Drugstore Penalty Leads Breach RoundupWalgreens Fined for Improper Disposal of Information
In this week's breach roundup, the Walgreens drugstore chain will pay $16.6 million to settle a California case involving improper disposal of hazardous waste, as well as certain confidential patient information. Also, an Arizona man was arrested for purchasing personal information online and then using it to commit financial fraud.
See Also: The Global State of Online Digital Trust
Walgreens Faces $16.6 Million Penalty
The Walgreens drugstore chain will pay $16.6 million to settle a California case involving improper disposal of hazardous waste, as well as certain confidential patient information, in dumpsters near their stores.
Among the waste found by investigators were "90 different pieces of evidence" featuring patient records, including prescription receipts and pill bottles containing patient names, dates of birth, drug names, prescription record numbers, and other information, says Karen Doty, San Diego County deputy district attorney and head of the district attorney's environmental protection unit.
Alameda Superior Court ordered Walgreens to pay the monetary penalty as part of a settlement between the retailer and 42 California district attorneys and two city attorneys.
Arrest in Identity Theft Case
A 34-year-old Arizona man was arrested for purchasing personal information online and then using it to prepare tax returns, placing the refund money on prepaid debit cards, according to a local news report.
The Sierra Vista Police Department was contacted by Cochise College, located in Douglas, Arizona, in February when it discovered a flash drive was left in a school computer. An investigation determined that 800 to 900 names and associated personal information were stored on it, the report said.
The information on the flash drive consisted of stolen identities and financial information of individuals from other states.
Detective Colin Festa said the names were illegally obtained by Internet phishing scams, "often via e-mails made to look like legitimate communications from credit card companies and banks," the report said. Osabuohien Odyssey Oronsaye, the man arrested, allegedly purchased the information online for $1.50 per name.
Oronsaye was indicted on December 5 by a federal grand jury in Tucson and charged with false claims, wire fraud, aggravated identity theft and access device fraud, the news report explained.

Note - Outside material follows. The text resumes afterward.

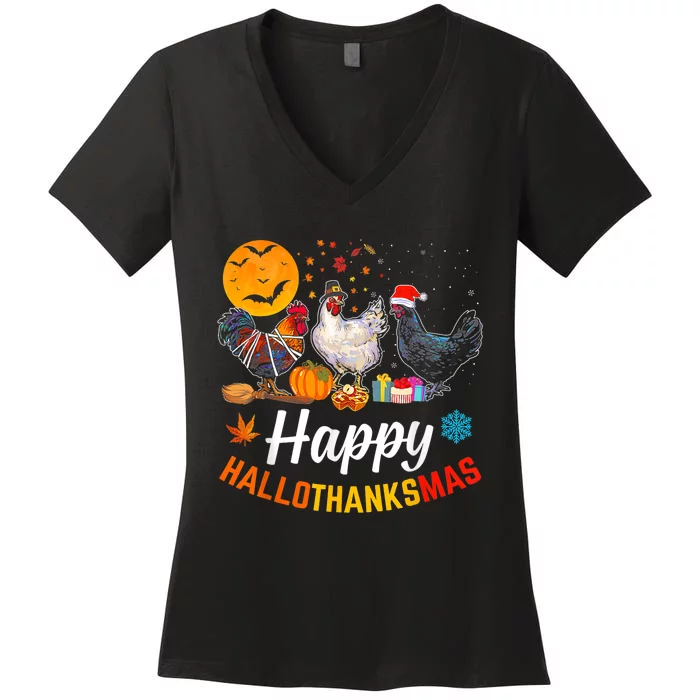 Happy HalloThanksMas Halloween Thanksgiving Xmas Chicken Women's V-Neck T-Shirt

Helpline Callers' Info Compromised
A breach at a helpline charity in Derry, Northern Ireland, was caused by the collapse of a stack of boxes, according to the Belfast Telegraph.
The helpline is run by Contact NI, an independent counseling service.
Reports said the storage boxes collapsed and opened up an emergency door in Contact's sixth-floor office. Sensitive documents then fell out of the door and were blown around outside.
According to a BBC report, the documents contained caller information, such as first and second names, as well as personal accounts from counseling conversations.
As a result of the breach, Contact NI has introduced new measures, including a paperless system for data management, the Belfast Telegraph reported.